Getting the most out of terms and conditions
Often businesses either have very brief written terms and conditions on which they do business or worse still, have no written terms at all. With competition between businesses still tough, having a solid set of terms of conditions in place will not only help prevent potential disputes later but also enhance professional profile.
Terms and conditions do not need to be lengthy or complex but they do need to be clear and comprehensive. Terms should cover all the key points of the transaction, such as delivery and payment dates and thought will also need to be given to legal issues such as implied terms and retention of title clauses. Many businesses forget that their terms also need to be practical and this is where you can add real value to customers.
Avoid “small print” and clearly explain any terms that could be contentious later. Where you are attempting to exclude or limit liability or impose a particularly onerous condition, you should make sure the customer’s attention is drawn to these terms or they are highlighted in some way.

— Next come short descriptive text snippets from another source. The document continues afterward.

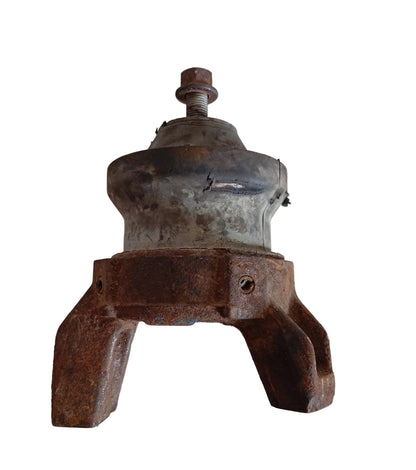 Base Soporte de Motor Hyundai Santa Fe 2.4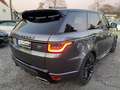 Land Rover Range Rover Sport S Grau - thumbnail 5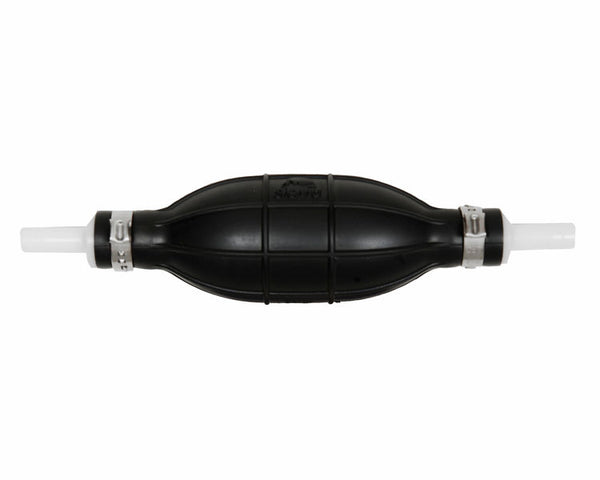 Sierra Marine Fuel Line (MPN: 18-8016S-1)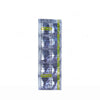 BTN Forte Tablet 3 x 10 Tab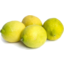 Photo of Absolute Organics Lemons 4 Pack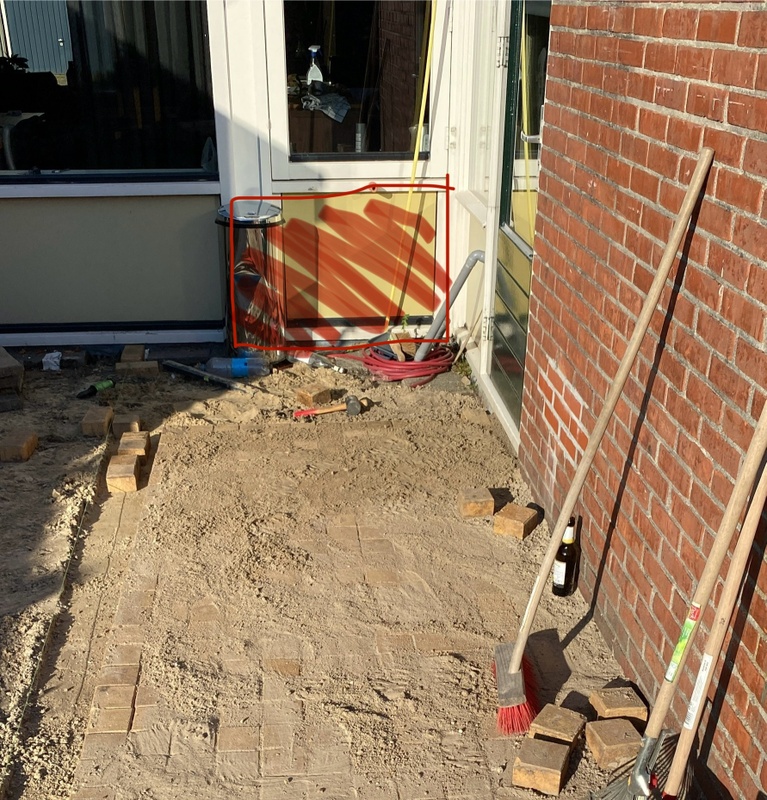 Afbeeldingslocatie: https://tweakers.net/i/FsVhFv9-afcA6stmhR-mEIu-REg=/x800/filters:strip_icc():strip_exif()/f/image/MnNBdlAUbLJYvp6jPezef1lp.jpg?f=fotoalbum_large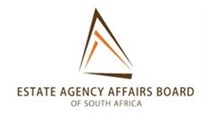 Managing agent must comply to EAAB's requirements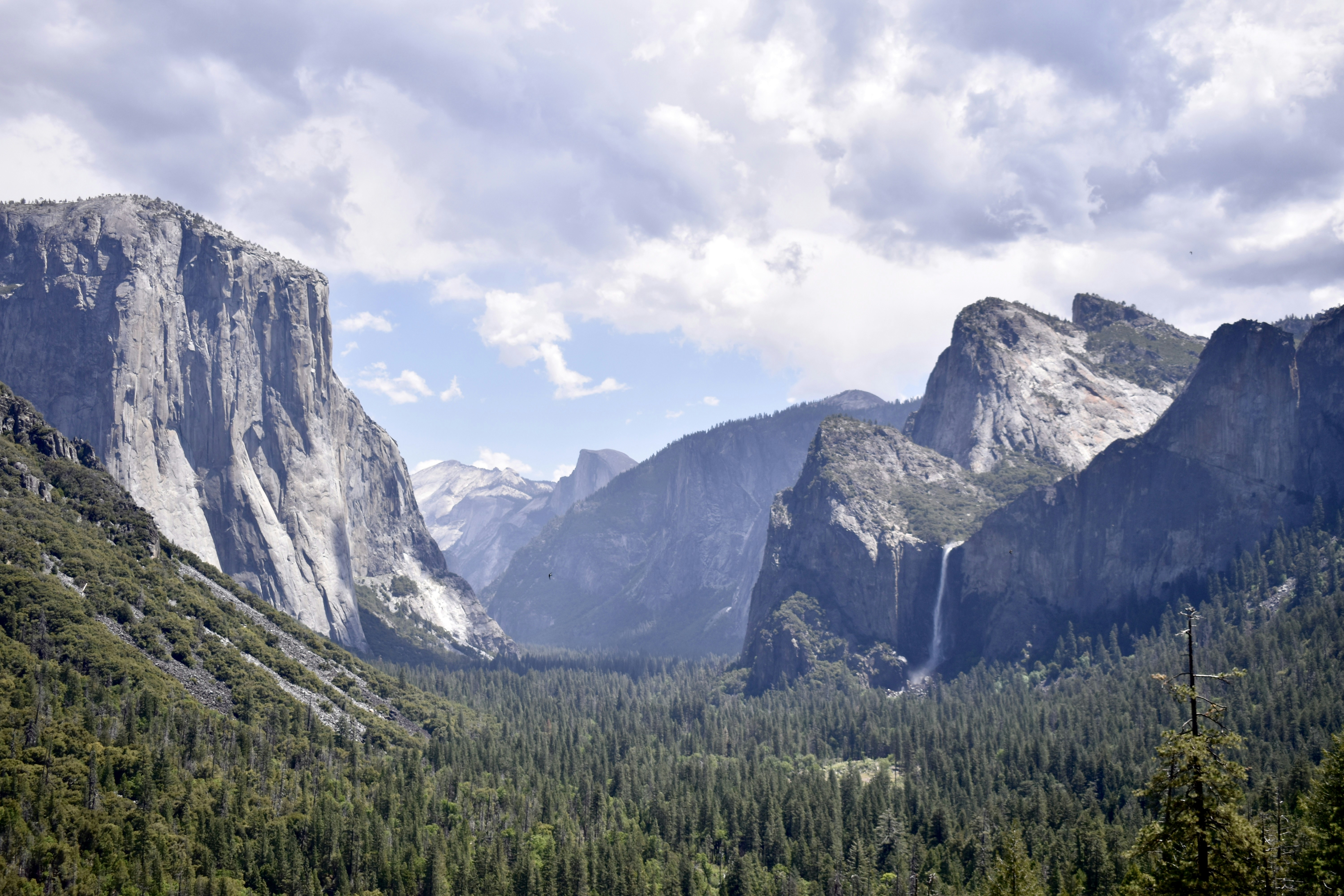 Photo by logan_easterling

Getting the terms validly incorporated
Many businesses issue their terms to customers in the mistaken belief that these terms will automatically govern the contract but the key is getting the terms validly incorporated. This is particularly important if you are contracting with customers who are also seeking to deal on their own standard terms. The general rule is that the party who sends their terms to the other side immediately prior to the start of the transaction will have their terms used to govern the contract. You should seek professional advice on the practical steps that you can take to ensure your terms are validly incorporated.